E quando siede a tavola

senza proferire parola

noialtri guardiamo a sinistra

rivolti a un televisore schermopiatto,

in un’apnea spastica

pronta a raccogliere domestiche ultim’ora.

Mi chiedo cosa guardassero,

contro chi comunicassero il silenzio

figli e mogli dell’era antetelevisiva,

quando padri e mariti

erano un televisore col tubo catodico

e cambiare canale

era il profondo corridoio

che dava sulla stanza dei vecchi.

_

COMPLICE

È giusto così

è giusto che la felicità non si faccia trovare

che la felicità non si trovi

in alcun posto e dovunque.

È giusto che la felicità si trovi

nelle soste lungo l’arduo viaggiare alla ricerca di lei

nelle pause dal respiro corto

nelle distanze da percorrere alla meta.

È giusto così

è giusto che la felicità non sia l’inizio

né la fine

che lasci sangue sulla lama del coltello,

un’impronta sotto le suole delle scarpe.

_

ARRINGHE

A quanto ammontano

i danni mortali?

In cosa constano

i morali danneggiati?

A quanti euro corrispondono

le moralità dannose?

Di quali parole sono imbalsamate

le arringhe degli avvocati,

chi pagherà i danni alla lingua

alle persone fisiche

chi sarà il moroso che non ama

o il secondo comma in stato vegetativo?

Certi nomi grossi

suggeriscono

comportamenti da tenere per legge

dichiarazioni fittiziamente false

procedure di riscossione:

il processo è aperto,

le parti l’una all’altra opposte,

la battaglia finisce su carte bianche

dalla rilegatura operata a macchina.

Prego, una firma qui…

_

GRAVITÀ

E se un giorno

un Galileo con l’iPad

scoprisse

che questa luna piena

attrae tutti i nostri corpi

come tanti mari umani

con tutta l’acqua dentro noi,

che il nostro vivere

coi piedi per terra

sia solo un quotidiano cocciuto tentativo

di opporre forza alla gravità,

alla gravità di tutte le nostre vicende.

E se un giorno

tutti scoprissimo

che è polvere di stelle

quella che si posa negli angoli dimenticati

E che sulla luna ci siamo sempre stati…

Simone di Biasio  “Assenti ingiustificati”

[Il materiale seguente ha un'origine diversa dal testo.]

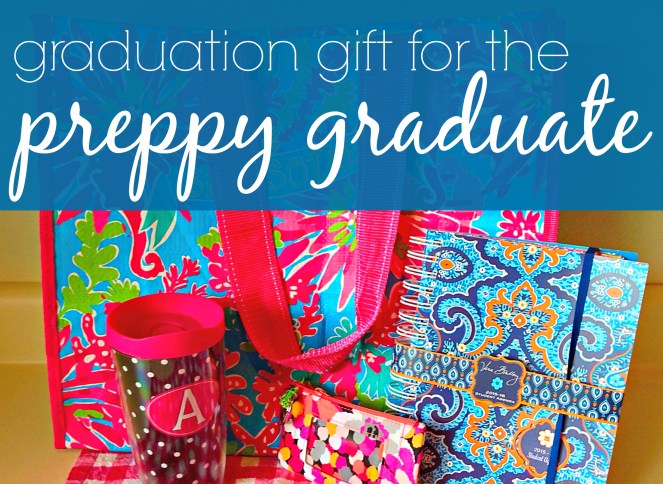 Graduation Gift Idea Preppy Graduate Version via ComeHomeForComfort.com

Edilet – Edilazio Letteraria – Roma, 2013

Simone di Biasio è nato a Fondi, in provincia di Latina, nel 1988. Laureato in Comunicazione a “La Sapienza” di Roma, è giornalista pubblicista e lavora come ufficio stampa per eventi ed Enti pubblici e privati. È tra i fondatori dell’Associazione “Libero de Libero”, nella quale riveste la carica di Presidente.